Search code examples
plotmatplotlibgnuplotintervals

Plotting labeled intervals in matplotlib/gnuplot


I have a data sample which looks like this:

a 10:15:22 10:15:30 OK
b 10:15:23 10:15:28 OK
c 10:16:00 10:17:10 FAILED
b 10:16:30 10:16:50 OK

What I want is to plot the above data in the following way:

captions ^
  |
c |         *------*
b |   *---*    *--*
a | *--*
  |___________________
                     time >

With the color of lines depending on the OK/FAILED status of the data point. Labels (a/b/c/...) may or may not repeat.

As I've gathered from documentation for gnuplot and matplotlib, this type of a plot should be easier to do in the latter as it's not a standard plot and would require some preprocessing.

The question is:

  1. Is there a standard way to do plots like this in any of the tools?
  2. If not, how should I go about plotting this data (pointers to relevant tools/documentation/functions/examples which do something-kinda-like the thing described here)?

Solution

  • Updated: Now includes handling the data sample and uses mpl dates functionality.
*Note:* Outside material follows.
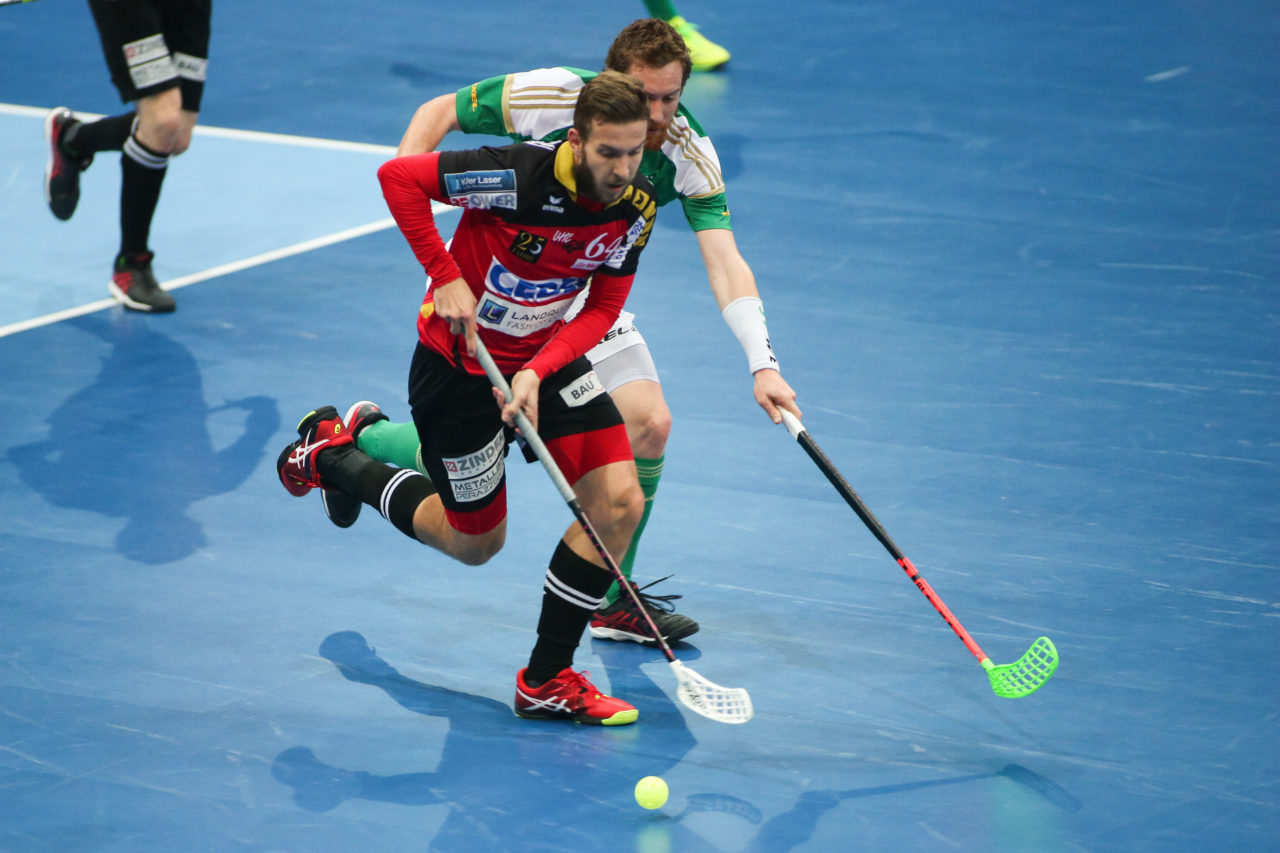 SWISS Arena (Kloten), 22.04.2017, Unihockey Herren Superfinal, SV Wiler-Ersigen - UHC Alligator Malans, Lukas Veltsmid (Nr. 64, UHC Alligator Malans)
    import matplotlib.pyplot as plt
    from matplotlib.dates import DateFormatter, MinuteLocator, SecondLocator
    import numpy as np
    from StringIO import StringIO
    import datetime as dt
    
    ### The example data
    a=StringIO("""a 10:15:22 10:15:30 OK
    b 10:15:23 10:15:28 OK
    c 10:16:00 10:17:10 FAILED
    b 10:16:30 10:16:50 OK
    """)
    
    #Converts str into a datetime object.
    conv = lambda s: dt.datetime.strptime(s, '%H:%M:%S')
    
    #Use numpy to read the data in. 
    data = np.genfromtxt(a, converters={1: conv, 2: conv},
                         names=['caption', 'start', 'stop', 'state'], dtype=None)
    cap, start, stop = data['caption'], data['start'], data['stop']
    
    #Check the status, because we paint all lines with the same color 
    #together
    is_ok = (data['state'] == 'OK')
    not_ok = np.logical_not(is_ok)
    
    #Get unique captions and there indices and the inverse mapping
    captions, unique_idx, caption_inv = np.unique(cap, 1, 1)
    
    #Build y values from the number of unique captions.
    y = (caption_inv + 1) / float(len(captions) + 1)
    
    #Plot function
    def timelines(y, xstart, xstop, color='b'):
        """Plot timelines at y from xstart to xstop with given color."""   
        plt.hlines(y, xstart, xstop, color, lw=4)
        plt.vlines(xstart, y+0.03, y-0.03, color, lw=2)
        plt.vlines(xstop, y+0.03, y-0.03, color, lw=2)
    
    #Plot ok tl black    
    timelines(y[is_ok], start[is_ok], stop[is_ok], 'k')
    #Plot fail tl red
    timelines(y[not_ok], start[not_ok], stop[not_ok], 'r')
    
    #Setup the plot
    ax = plt.gca()
    ax.xaxis_date()
    myFmt = DateFormatter('%H:%M:%S')
    ax.xaxis.set_major_formatter(myFmt)
    ax.xaxis.set_major_locator(SecondLocator(interval=20)) # used to be SecondLocator(0, interval=20)
    
    #To adjust the xlimits a timedelta is needed.
    delta = (stop.max() - start.min())/10
    
    plt.yticks(y[unique_idx], captions)
    plt.ylim(0,1)
    plt.xlim(start.min()-delta, stop.max()+delta)
    plt.xlabel('Time')
    plt.show()
    

    Resulting image